◆ **EXTRACTED MATERIAL**:
________________________

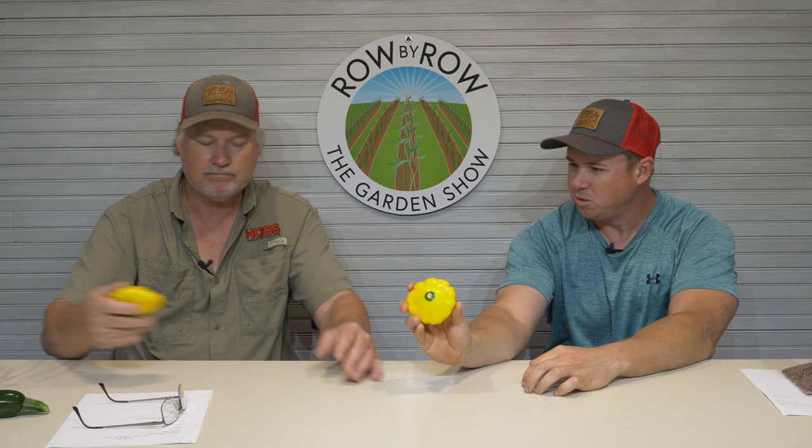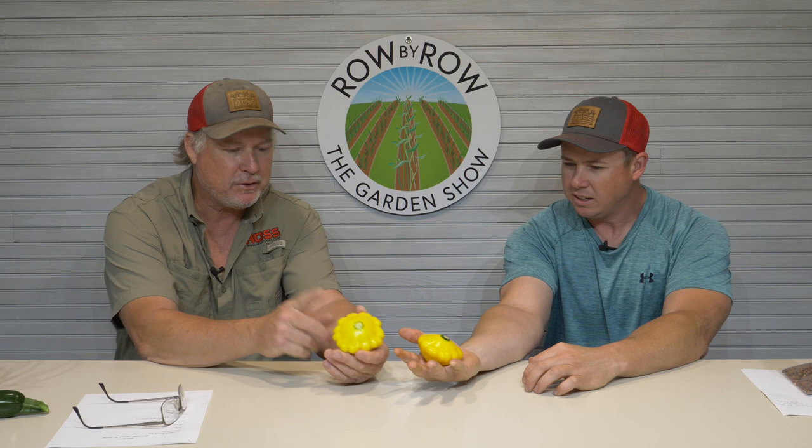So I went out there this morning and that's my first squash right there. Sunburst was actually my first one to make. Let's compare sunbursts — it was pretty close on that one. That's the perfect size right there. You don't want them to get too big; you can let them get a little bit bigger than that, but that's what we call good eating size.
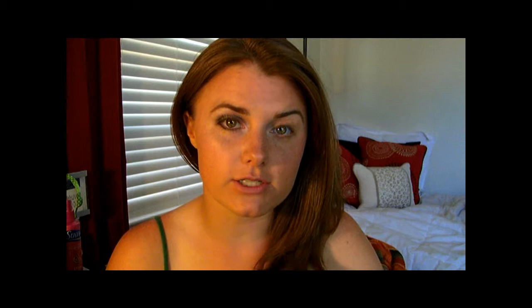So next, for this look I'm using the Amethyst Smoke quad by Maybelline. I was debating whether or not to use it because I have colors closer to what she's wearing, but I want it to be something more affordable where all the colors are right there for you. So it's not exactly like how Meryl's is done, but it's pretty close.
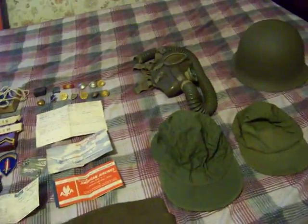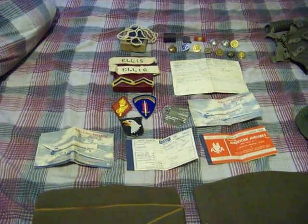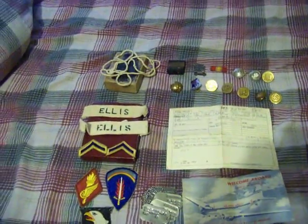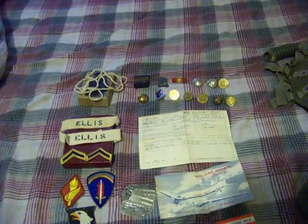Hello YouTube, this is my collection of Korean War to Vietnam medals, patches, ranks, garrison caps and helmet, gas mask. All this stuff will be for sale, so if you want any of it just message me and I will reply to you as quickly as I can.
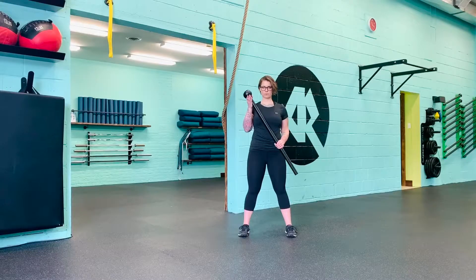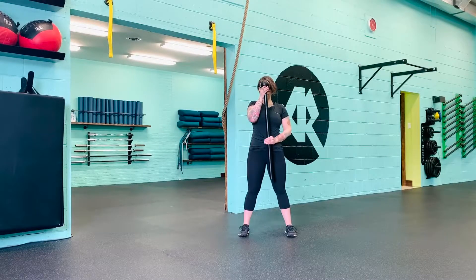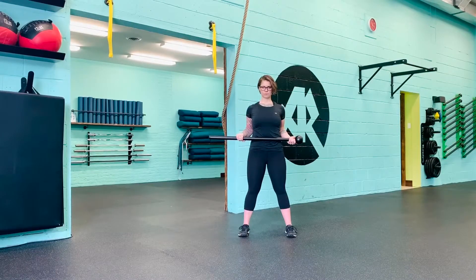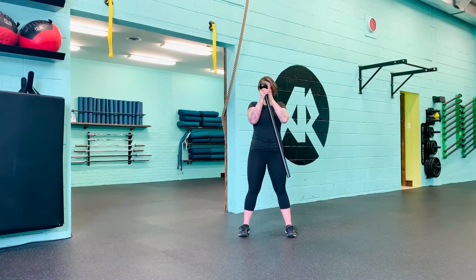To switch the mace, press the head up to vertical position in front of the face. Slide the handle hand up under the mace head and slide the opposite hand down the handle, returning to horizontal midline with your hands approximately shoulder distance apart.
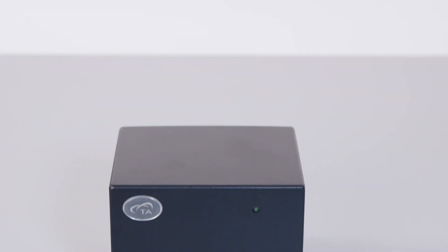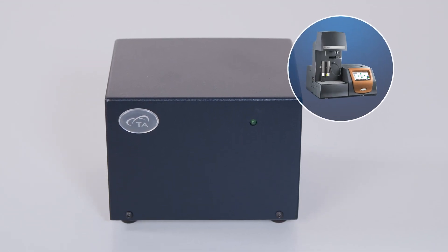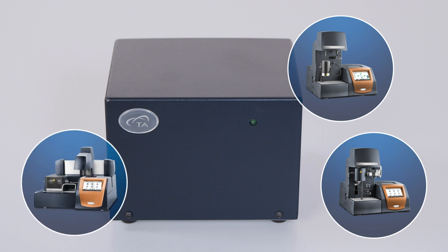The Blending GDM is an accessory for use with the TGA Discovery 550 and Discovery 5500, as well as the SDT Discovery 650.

________________________

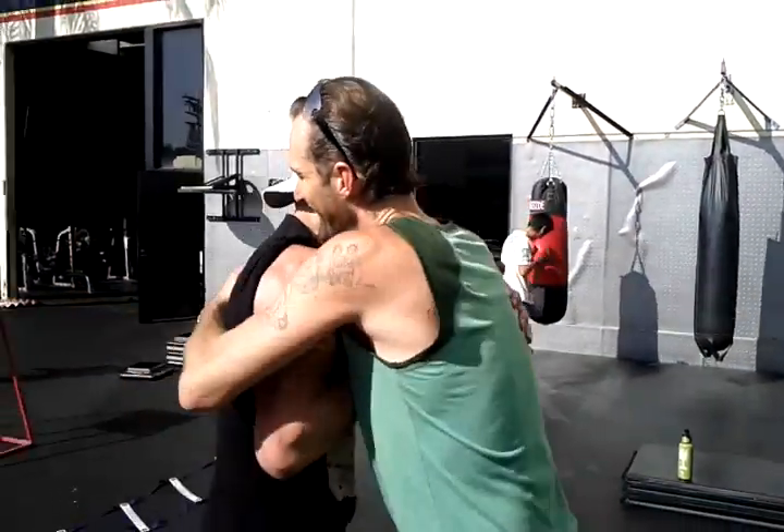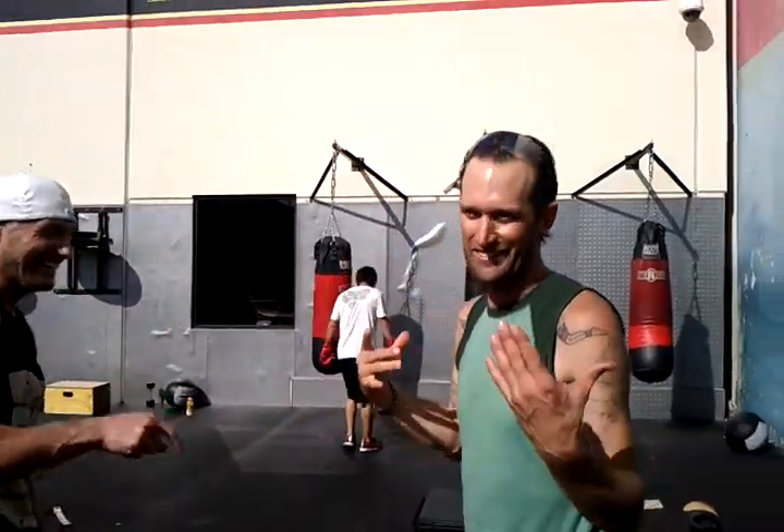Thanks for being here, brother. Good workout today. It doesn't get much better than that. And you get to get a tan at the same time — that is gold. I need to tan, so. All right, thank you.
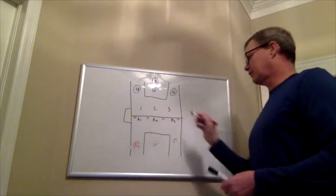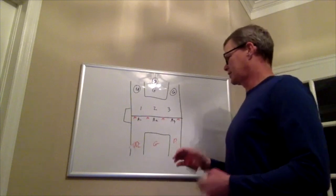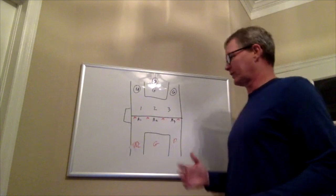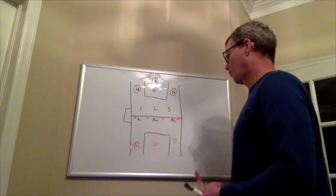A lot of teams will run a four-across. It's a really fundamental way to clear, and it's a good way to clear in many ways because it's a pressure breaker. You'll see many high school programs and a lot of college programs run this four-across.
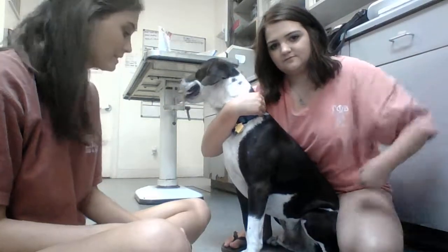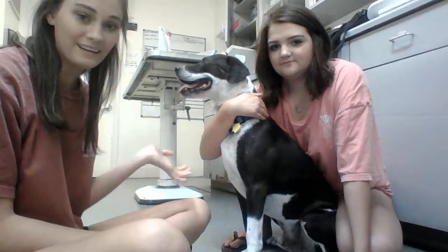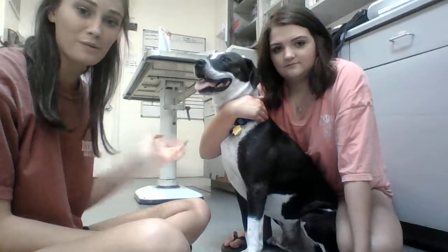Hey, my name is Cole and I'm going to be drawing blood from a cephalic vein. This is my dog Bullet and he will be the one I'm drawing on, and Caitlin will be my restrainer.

________________________

◆ **WORK TASK**: Within the listing above, find the line containing "So I went out" and the line containing "The Blending GDM". Transcribe them and everything between them exactly, leaving out the pictures.

◆ **EXERCISE SOLUTION**:
So I went out there this morning and that's my first squash right there. Sunburst was actually my first one to make. Let's compare sunbursts — it was pretty close on that one. That's the perfect size right there. You don't want them to get too big; you can let them get a little bit bigger than that, but that's what we call good eating size.
So next, for this look I'm using the Amethyst Smoke quad by Maybelline. I was debating whether or not to use it because I have colors closer to what she's wearing, but I want it to be something more affordable where all the colors are right there for you. So it's not exactly like how Meryl's is done, but it's pretty close.
Hello YouTube, this is my collection of Korean War to Vietnam medals, patches, ranks, garrison caps and helmet, gas mask. All this stuff will be for sale, so if you want any of it just message me and I will reply to you as quickly as I can.
To switch the mace, press the head up to vertical position in front of the face. Slide the handle hand up under the mace head and slide the opposite hand down the handle, returning to horizontal midline with your hands approximately shoulder distance apart.
The Blending GDM is an accessory for use with the TGA Discovery 550 and Discovery 5500, as well as the SDT Discovery 650.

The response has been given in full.